Data records START

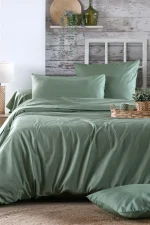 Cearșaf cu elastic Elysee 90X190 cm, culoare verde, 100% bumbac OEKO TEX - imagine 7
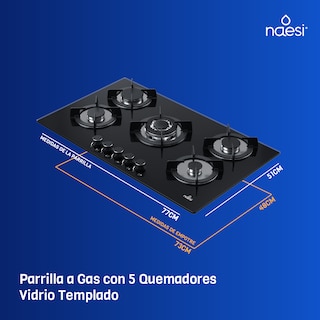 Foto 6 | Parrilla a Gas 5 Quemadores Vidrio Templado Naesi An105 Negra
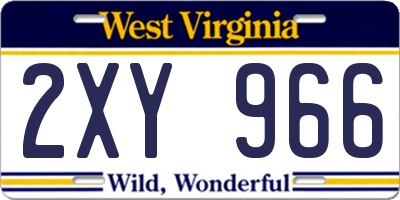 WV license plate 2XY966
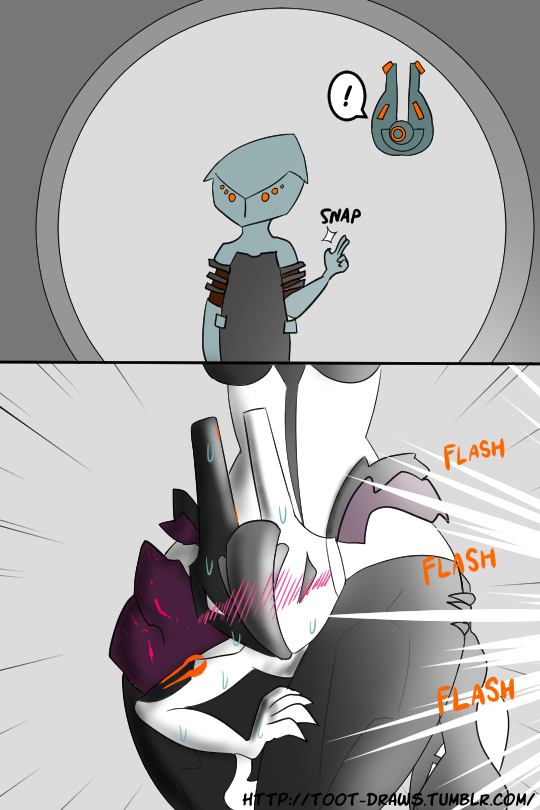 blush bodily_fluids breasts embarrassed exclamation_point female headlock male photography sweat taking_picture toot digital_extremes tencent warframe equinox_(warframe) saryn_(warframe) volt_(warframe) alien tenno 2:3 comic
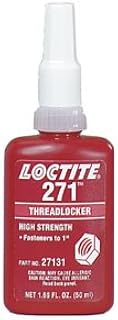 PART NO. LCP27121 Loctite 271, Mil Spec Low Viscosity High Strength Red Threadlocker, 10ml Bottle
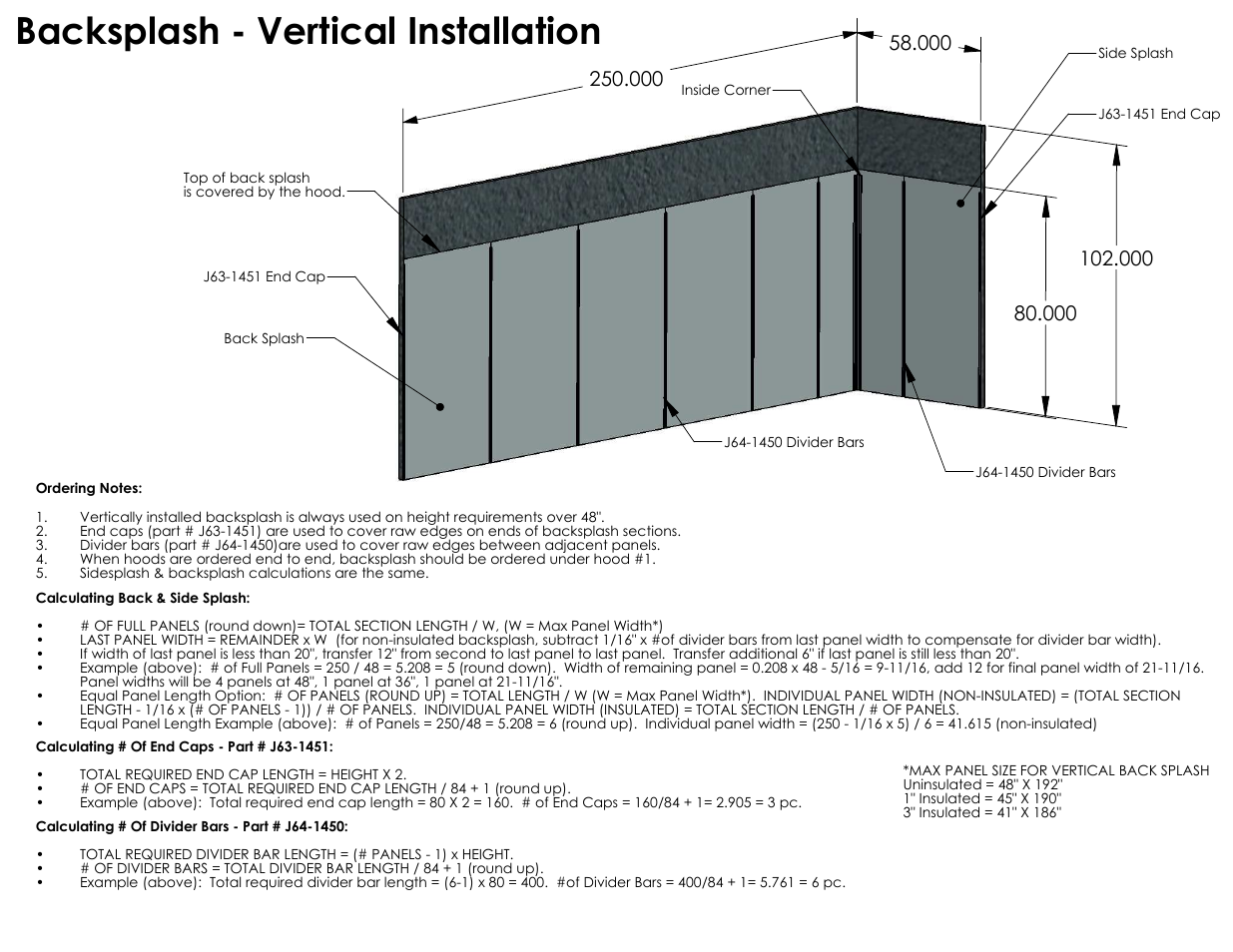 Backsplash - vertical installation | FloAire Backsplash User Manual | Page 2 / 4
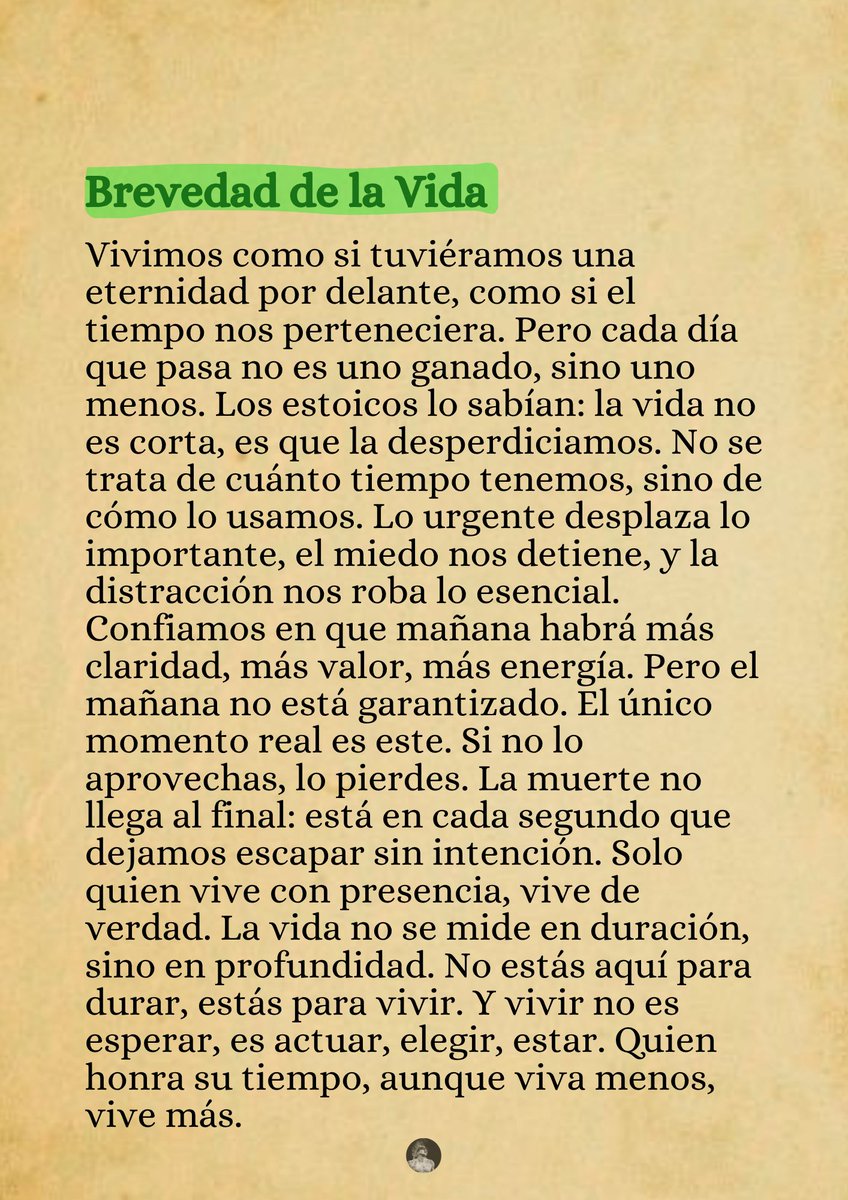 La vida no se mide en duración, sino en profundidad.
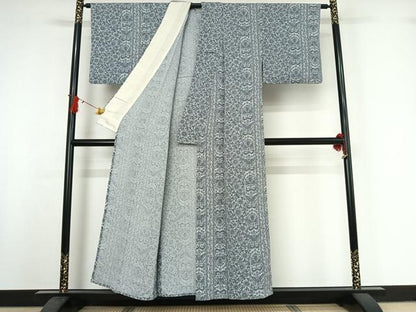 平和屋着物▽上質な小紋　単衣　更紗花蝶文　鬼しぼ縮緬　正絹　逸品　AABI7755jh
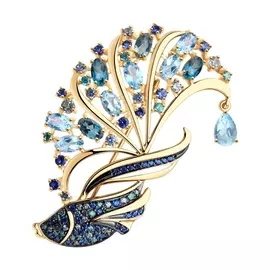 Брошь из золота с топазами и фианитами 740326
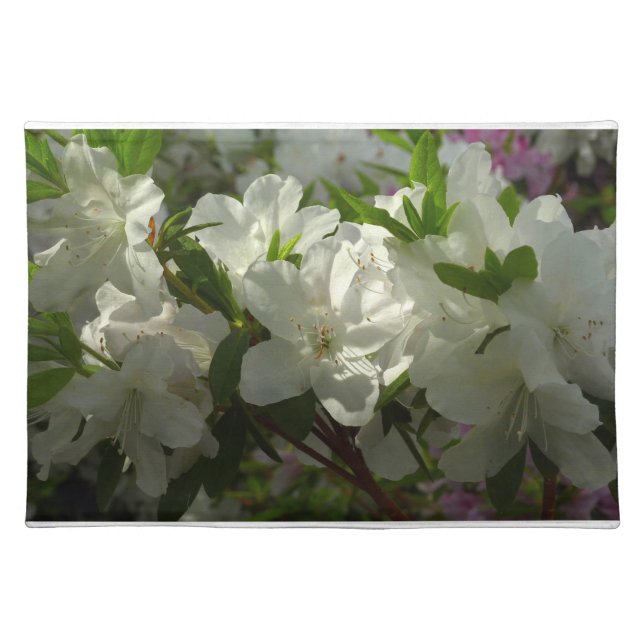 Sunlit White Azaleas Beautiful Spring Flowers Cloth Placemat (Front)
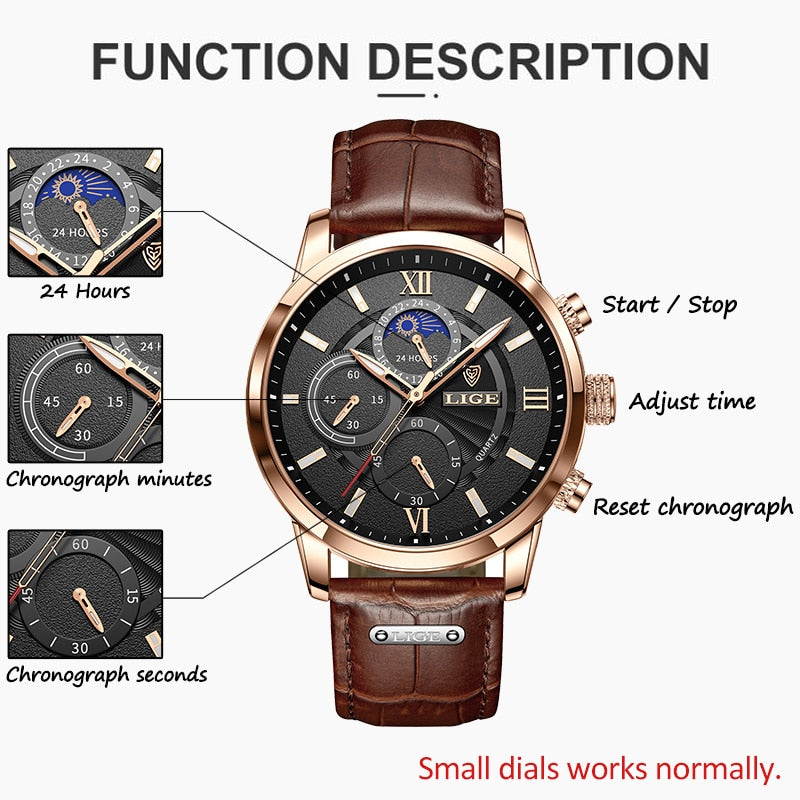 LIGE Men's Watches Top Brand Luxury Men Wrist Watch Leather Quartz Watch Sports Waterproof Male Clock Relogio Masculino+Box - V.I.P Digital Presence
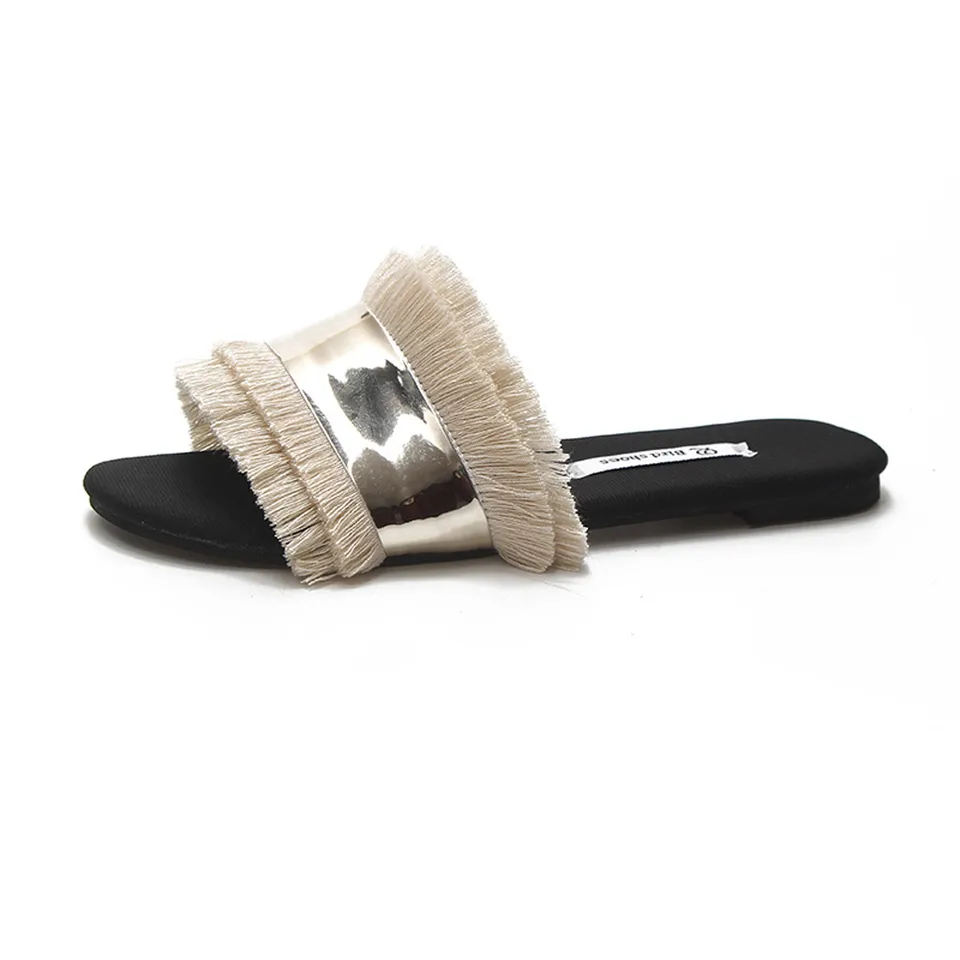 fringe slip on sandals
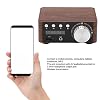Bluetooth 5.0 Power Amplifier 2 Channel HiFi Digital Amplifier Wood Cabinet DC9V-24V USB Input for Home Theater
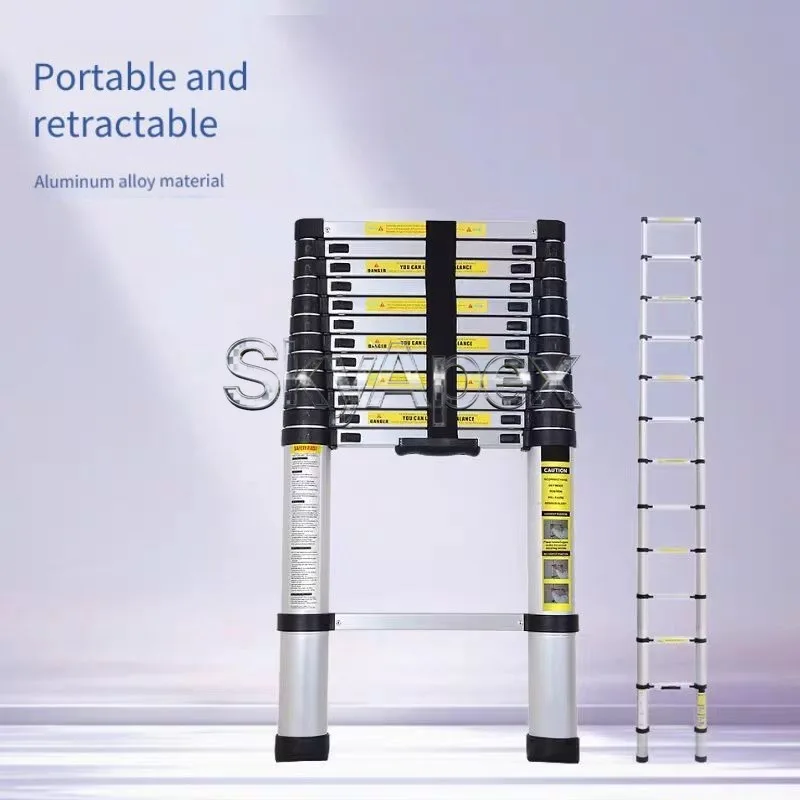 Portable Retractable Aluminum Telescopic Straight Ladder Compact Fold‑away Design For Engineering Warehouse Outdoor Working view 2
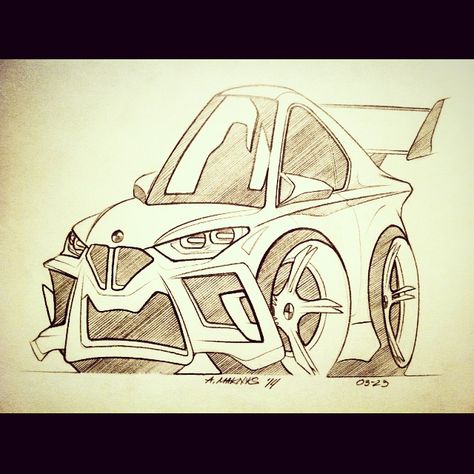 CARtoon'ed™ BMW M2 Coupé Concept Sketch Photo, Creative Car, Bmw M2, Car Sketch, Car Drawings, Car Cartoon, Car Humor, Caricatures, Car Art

Data records END

* Work task:
An answer that restates all the entries exactly and drops the images is what is needed.

* Response to this task:
 Cearșaf cu elastic Elysee 90X190 cm, culoare verde, 100% bumbac OEKO TEX - imagine 7
 Foto 6 | Parrilla a Gas 5 Quemadores Vidrio Templado Naesi An105 Negra
 WV license plate 2XY966
 blush bodily_fluids breasts embarrassed exclamation_point female headlock male photography sweat taking_picture toot digital_extremes tencent warframe equinox_(warframe) saryn_(warframe) volt_(warframe) alien tenno 2:3 comic
 PART NO. LCP27121 Loctite 271, Mil Spec Low Viscosity High Strength Red Threadlocker, 10ml Bottle
 Backsplash - vertical installation | FloAire Backsplash User Manual | Page 2 / 4
 La vida no se mide en duración, sino en profundidad.
 平和屋着物▽上質な小紋　単衣　更紗花蝶文　鬼しぼ縮緬　正絹　逸品　AABI7755jh
 Брошь из золота с топазами и фианитами 740326
 Sunlit White Azaleas Beautiful Spring Flowers Cloth Placemat (Front)
 LIGE Men's Watches Top Brand Luxury Men Wrist Watch Leather Quartz Watch Sports Waterproof Male Clock Relogio Masculino+Box - V.I.P Digital Presence
 fringe slip on sandals
Bluetooth 5.0 Power Amplifier 2 Channel HiFi Digital Amplifier Wood Cabinet DC9V-24V USB Input for Home Theater
 Portable Retractable Aluminum Telescopic Straight Ladder Compact Fold‑away Design For Engineering Warehouse Outdoor Working view 2
 CARtoon'ed™ BMW M2 Coupé Concept Sketch Photo, Creative Car, Bmw M2, Car Sketch, Car Drawings, Car Cartoon, Car Humor, Caricatures, Car Art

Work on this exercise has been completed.